I think that the evil seed here is what I call the beeline complex — the belief that we have to take the most direct route to our goals and that we can't stop and smell the roses until we get there. That linearity is the only way and that straying from the beaten path is as good as failure.
As a high school senior in the D.C. metro area, I was prepared to live a straightforward life: graduation to a Maryland state school, an easy business degree, leading into any job that could provide the fiscal security necessary to take care of my family. I was afraid of anything beyond that — afraid of risking my neck for an opportunity and humiliating myself.
But all that changed when someone took the time to tell me that I could find success outside of those parameters.
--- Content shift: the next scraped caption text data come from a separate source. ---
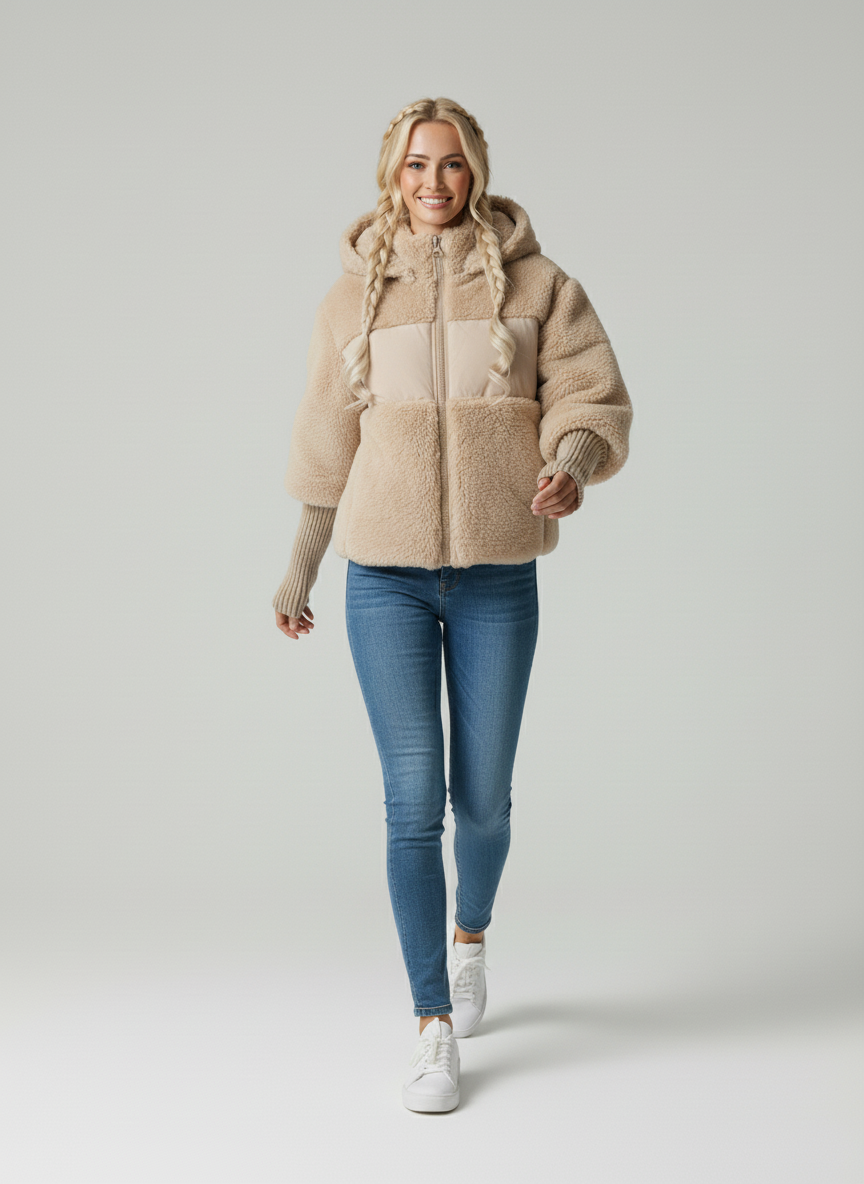 Camila Women's Winter Puffer Jacket – Warm Quilted Coat with Knit Cuffs & Elegant Collar 1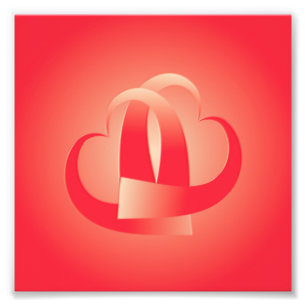 coral hearts hugging photo print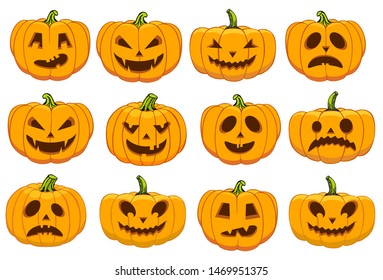 Vector halloweens pumpkin set illustration icons isolated on white background. Halloween holiday facial expressions spooky food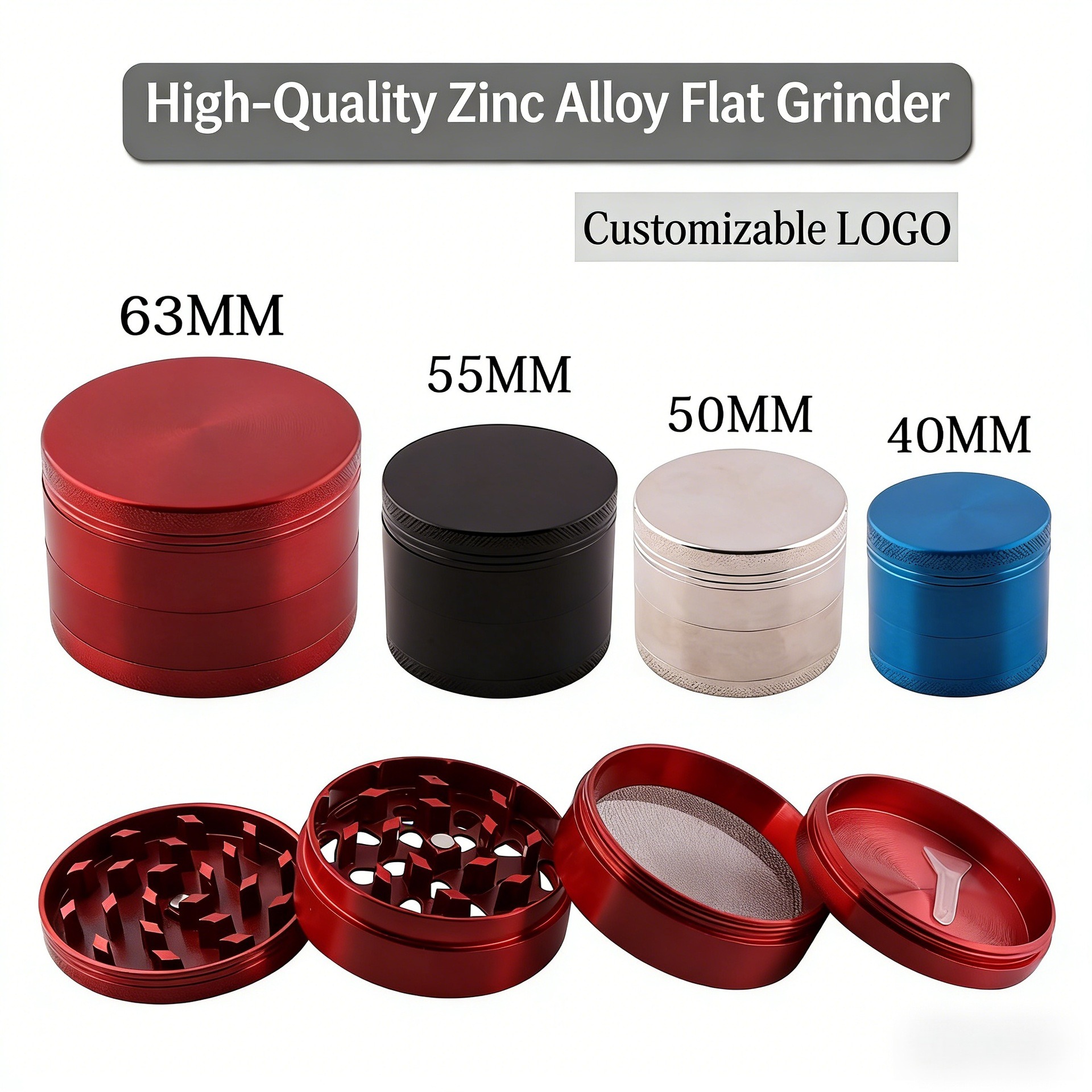 4-Layer Aluminum Herbal Herb Tobacco Grinders For Smoking Metal Tobacco Cutting Pipe Accessories Tobacco Herb Spice Mills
The Posse Foundation gave me the opportunity to leave the only home I'd ever known, to transplant my life somewhere I hadn't even considered. Rural Pennsylvania. A place where growth would be as difficult as it was rewarding. Posse gave me the chance to break away from safety and take a risk.
Had I followed the path of least resistance, I never would've left Maryland. I never would've had the chance to present my own artwork at a diversity summit, or to build communities as an RA, or to research the effects of exogenous oxytocin on voles. If you had told me at 17 that I would spend a summer in Lewisburg writing poetry with other undergraduates from around the country, or that I would team up with one of my best friends to start Bucknell's best boy band, I would've laughed at you. Choosing the comfort of home would have cost me so much.
The very vascularity of our bodies urges us to curve, to bend, to deny normalcy, so I'm going to keep listening. This summer, I'll be moving to Maine to restore a flower nursery and work on my music while I study for the GRE. After that, maybe I'll get a Ph.D. and save the bees, or join the Peace Corps, but I'm not going to attach to any outcomes because I know how things can change.
The calling program has introduced me to alumni who started out as biochemists but discovered a passion for making soap. I've spoken with former English majors who now develop the polymers in our chewing gum, psych majors turned account executives turned nonprofit giants. The one thing they all have in common is that they weren't afraid to step away from what was familiar to them. Stories like these have taught me that we need not fear the unknown — oh no. The unknown needs to fear us. We went to Bucknell.
Life won't get any easier or slower. But we've got to build the sorts of lives that allow every year to be our best. We can only do that by (a) being authentic about our values and (b) rejecting the pre-packaged futures thrust upon us by history. If we can just embody those two principles, our success will nourish the generations that follow to do the same. In turn, they'll learn to ignore our footsteps entirely and pave their own roads to a better society. That's a true legacy.
Behind me lies a piece of the Susquehanna Valley: mountains, forests and wildlife that have withstood the test of time by being adaptive, resilient and diverse. Before me lies a community of scholars capable of that same resiliency and versatility.
Now, more than ever, we're going to need leaders who aren't afraid to bend, to pioneer, to be vulnerable in the face of the unknown. We have a responsibility to disrupt, agitate and crash through the structures we know, to push life in new directions. To follow our natural geometry and let it lead us to truth, love and growth. Don't let graduation make you complacent. The real work has only just begun. But we needn't be afraid. We went to Bucknell.